A ideia original era avaliar o efeito combinado da taurina com exercícios físicos e de ambas as intervenções separadamente. A atividade física é considerada uma das principais ferramentas para modular os níveis de substâncias oxidantes e antioxidantes no organismo e, na dose certa, acredita-se que pode potencializar os benefícios da taurina. No entanto, com a chegada da pandemia e o fato de as voluntárias pertencerem a um grupo com maior risco de desenvolver complicações da COVID-19, optou-se por manter apenas a parte nutricional da pesquisa, que poderia ser monitorada remotamente.
Além da SOD, foram analisados outros dois marcadores de estresse oxidativo: a enzima antioxidante glutationa redutase (GR), que diminuiu significativamente nos dois grupos, e um biomarcador de estresse oxidativo chamado malondialdeído (MDA), que aumentou 23% no grupo-controle e diminuiu 4% em média nas mulheres que tomaram taurina.
“É um resultado tímido, mas acreditamos que pode se tornar bem mais significativo com uma dose maior de taurina”, avalia Freitas.

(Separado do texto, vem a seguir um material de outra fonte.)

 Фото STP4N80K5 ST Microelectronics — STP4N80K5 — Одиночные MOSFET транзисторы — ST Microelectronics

Para Gabriela Abud, atualmente doutoranda na Faculdade de Medicina de Ribeirão Preto (FMRP-USP) e primeira autora do artigo, mudanças na dieta das voluntárias durante os primeiros meses de isolamento social podem ter afetado os resultados das análises bioquímicas.

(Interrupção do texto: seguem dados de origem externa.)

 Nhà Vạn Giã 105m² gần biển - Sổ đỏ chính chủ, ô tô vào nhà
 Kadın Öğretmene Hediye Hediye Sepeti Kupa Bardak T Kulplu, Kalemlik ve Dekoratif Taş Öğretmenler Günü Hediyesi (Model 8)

“Além dos marcadores de estresse oxidativo, analisamos a concentração de minerais como selênio, zinco, magnésio e cálcio, que são importantes para o funcionamento dessas enzimas. O selênio, por exemplo, é um cofator da glutationa peroxidase [que indiretamente ajuda a eliminar o peróxido de hidrogênio do organismo] e estava reduzido nos dois grupos”, conta Abud.
Como destaca Freitas, o suplemento de taurina é apenas a “cereja do bolo” e sozinho não faz milagre. “Um estilo de vida saudável, com alimentação balanceada e prática regular de exercícios, é fundamental para que o efeito antienvelhecimento ocorra.”
No próximo estudo, o grupo pretende incluir mulheres obesas, entre 60 e 75 anos, que apresentam sarcopenia – condição caracterizada pela perda de massa muscular e associada à inflamação. “É uma população com grande risco de desenvolver complicações. Vamos oferecer treinamento físico associado a suplementação diária com 3 gramas de taurina e com isso observar as possíveis alterações decorrentes dessas intervenções”, adianta Freitas.
Vale ressaltar que os benefícios e riscos de suplementar a dieta com taurina ainda estão sendo investigados. O consumo de suplementos não deve ser feito sem a orientação de um profissional de saúde.
O artigo Taurine as a possible antiaging therapy? A controlled clinical trial on taurine antioxidant activity in women ages 55 to 70 years pode ser lido em: www.sciencedirect.com/science/article/abs/pii/S0899900722001198#!.